[Scraped caption text data]
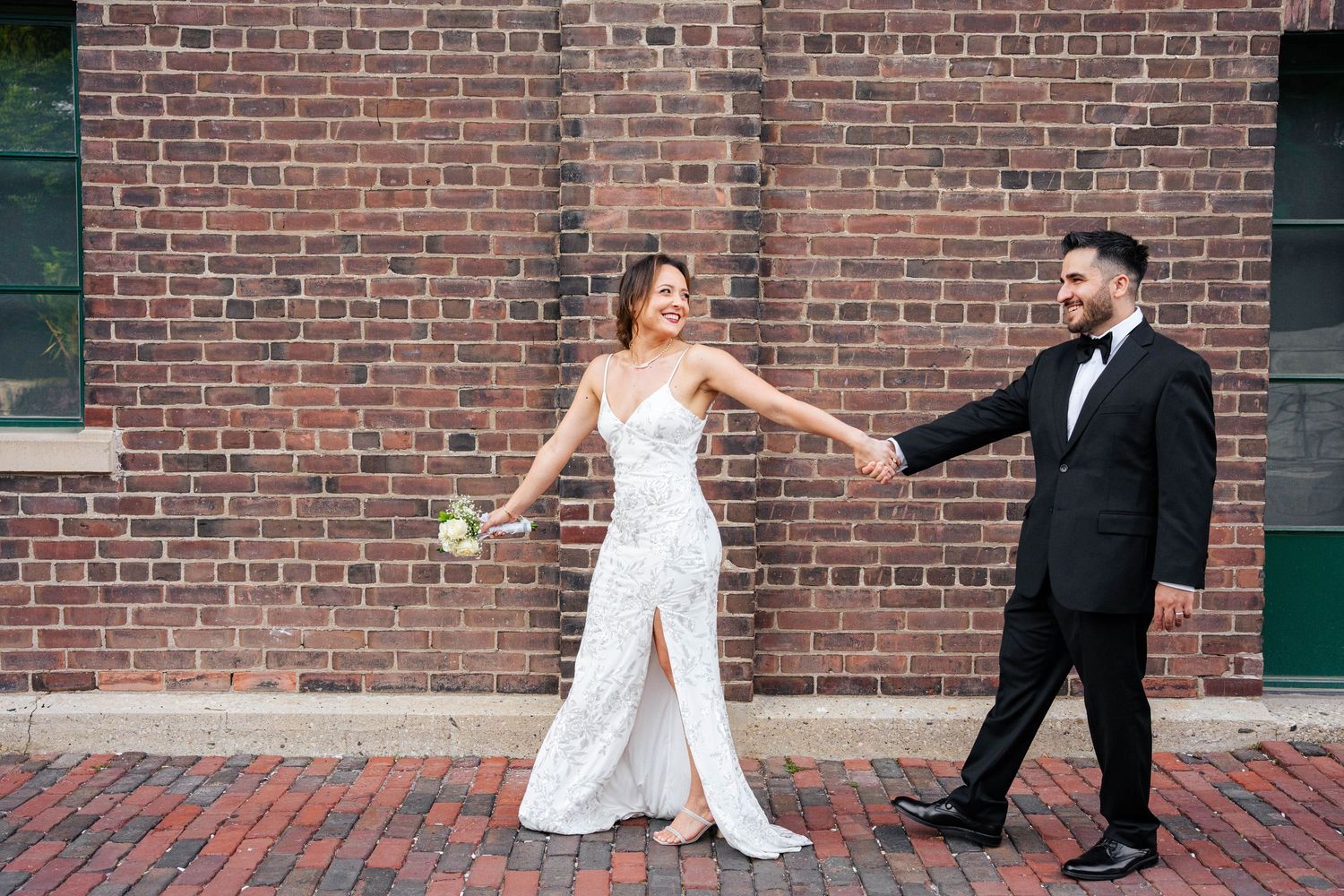 Bride in a white lace gown reaches for her groom's hand as they stand on a brick sidewalk beside a historic red brick building.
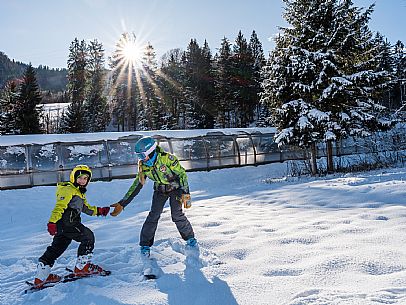 Teacher young woman and child learning alpine skiing in a school camp in Tarvisio.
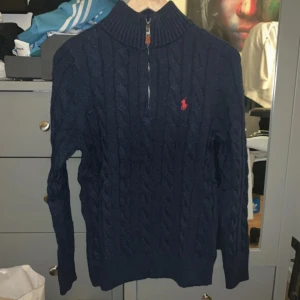 Mörkblå stickad tröja från Polo Ralph Lauren - Säljer en snygg mörkblå stickad tröja från Polo Ralph Lauren med dragkedja vid halsen. Tröjan har ett klassiskt flätmönster och en liten röd logotyp på bröstet. Perfekt för kyligare dagar!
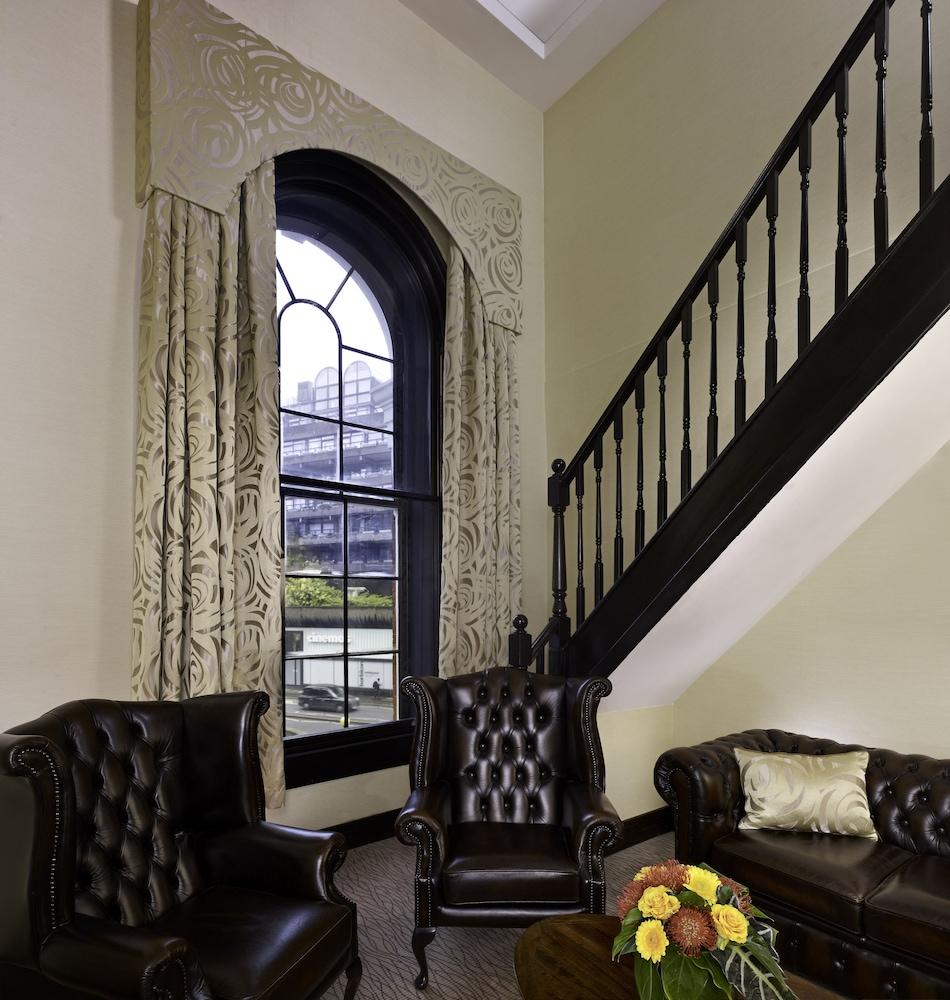 Montcalm Brewery Townhouse Hotel Londres Exterior foto The photo shows a cozy interior space featuring two elegant leather armchairs placed near a large, ornate window with arched top and decorative curtains. The wall is painted in a muted color, enhancing the warmth of the room. A staircase with black s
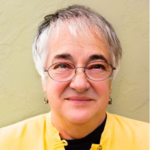 Picture of Gayl Bowser wearing glasses and a yellow blouse with a black shirt underneath.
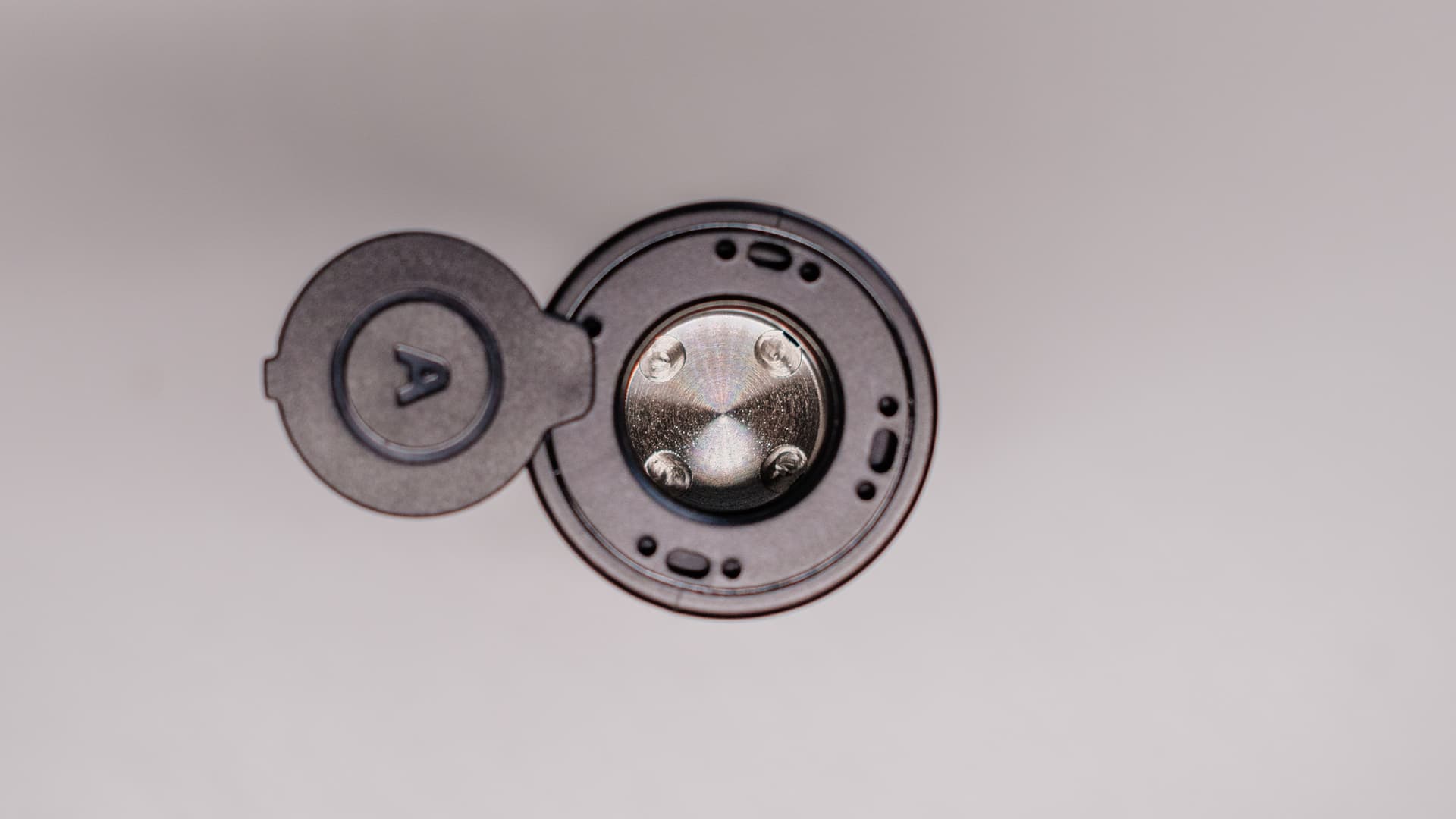 Arizer Air Max ceramic oven macro top-down with magnetic lid open showing glass-lined chamber and airflow holes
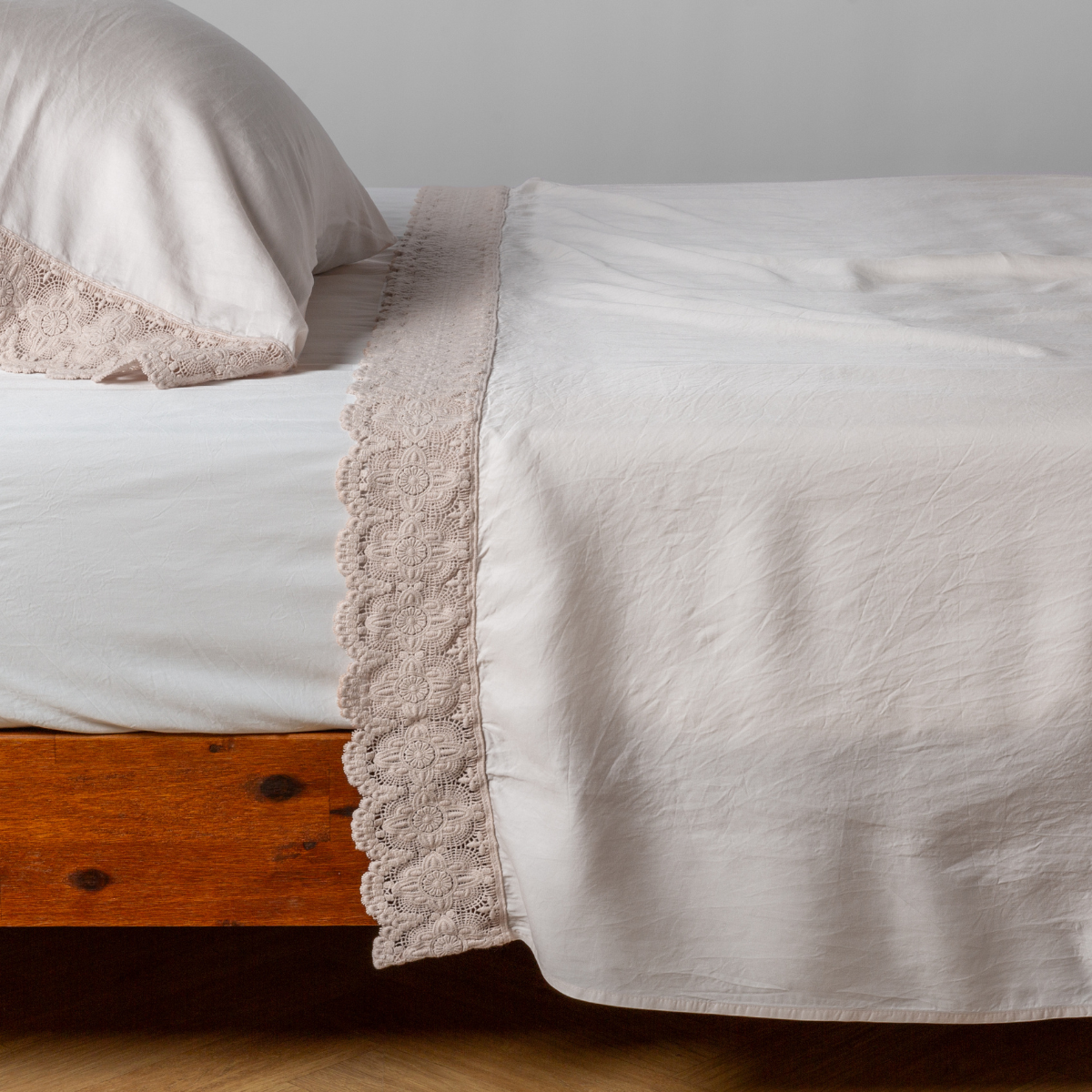 Pearl Madera Luxe flat sheet with delicate lace trim, draped over a wooden bed frame.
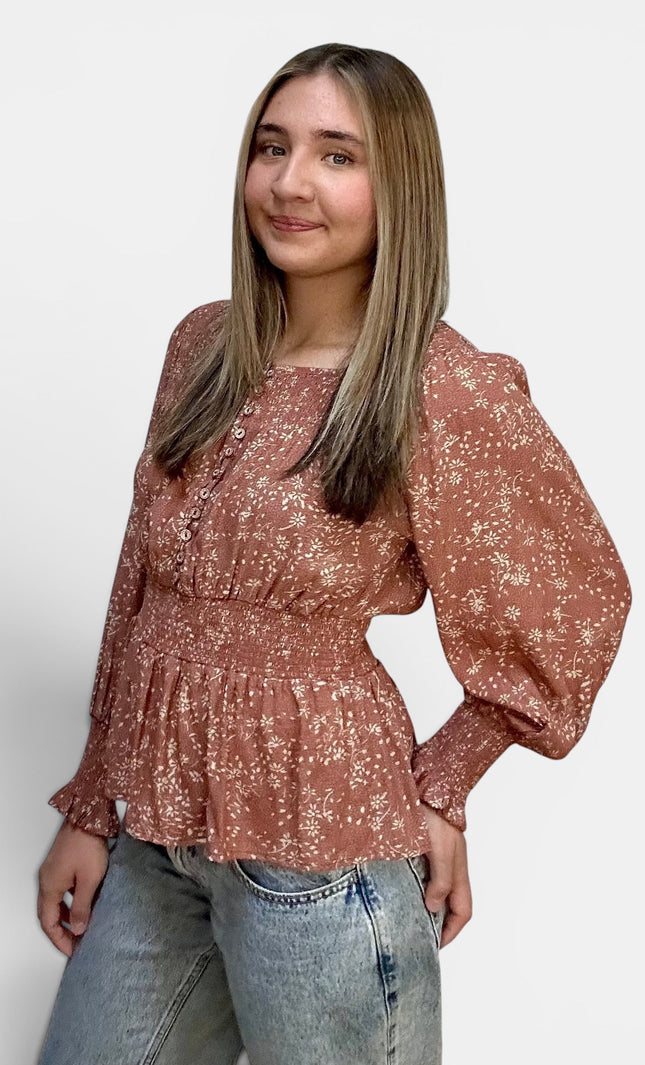 Women's floral rayon blouse with smocked shoulders and cuffs.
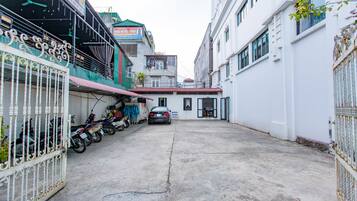 Una calle estrecha con motocicletas y un automóvil estacionados, edificios con balcones y un cielo despejado.
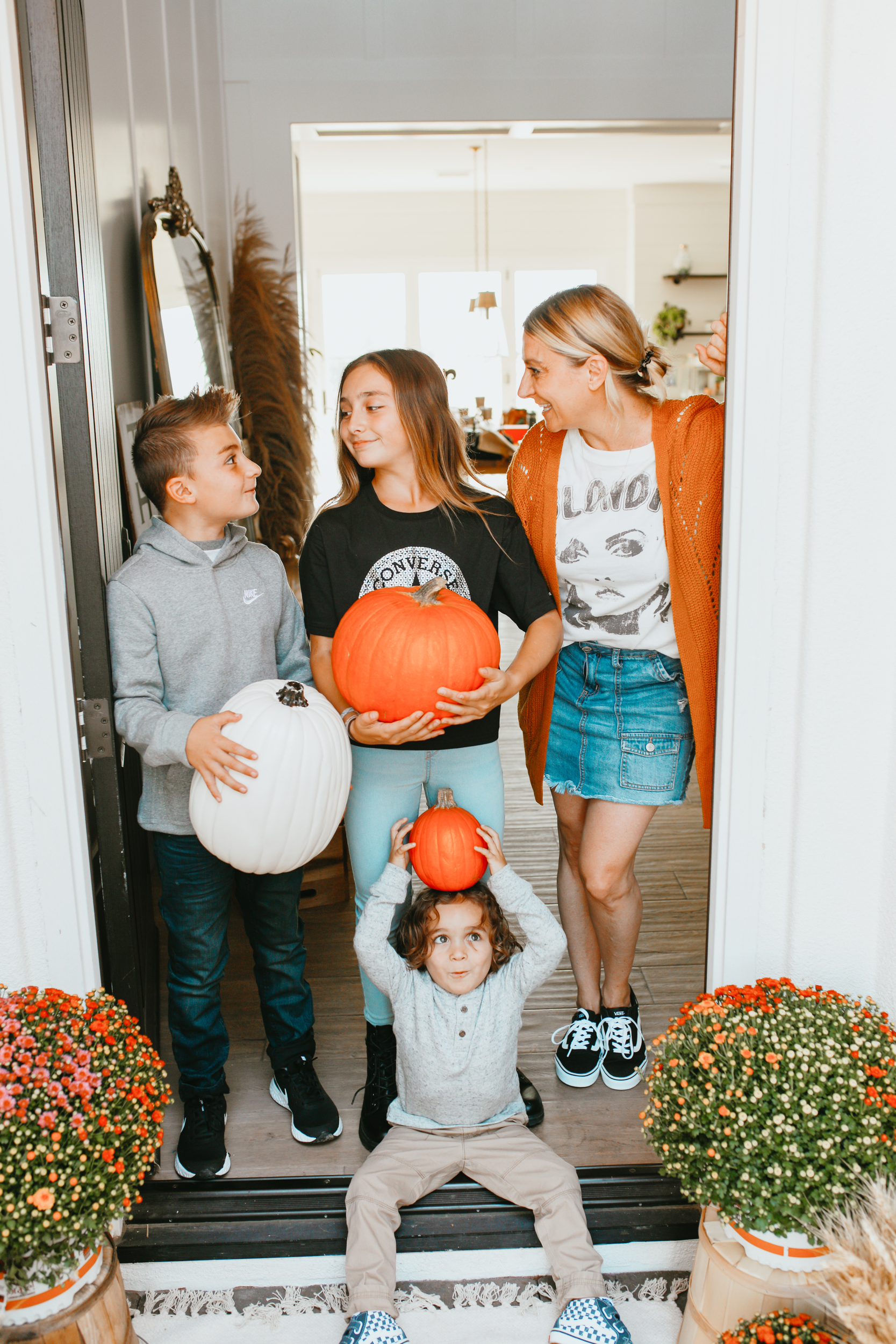 mom and kids holding pumpkins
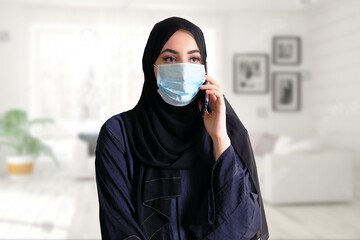 Middle East Arab woman wearing face mask, abaya and hijab while at home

**About this task**
Output exactly the lines from the first line of the records through the line containing "Mörkblå stickad tröja från Polo Ralph Lauren - Säljer". Leave out every picture.

**Problem solution**
 Bride in a white lace gown reaches for her groom's hand as they stand on a brick sidewalk beside a historic red brick building.
 Teacher young woman and child learning alpine skiing in a school camp in Tarvisio.
 Mörkblå stickad tröja från Polo Ralph Lauren - Säljer en snygg mörkblå stickad tröja från Polo Ralph Lauren med dragkedja vid halsen. Tröjan har ett klassiskt flätmönster och en liten röd logotyp på bröstet. Perfekt för kyligare dagar!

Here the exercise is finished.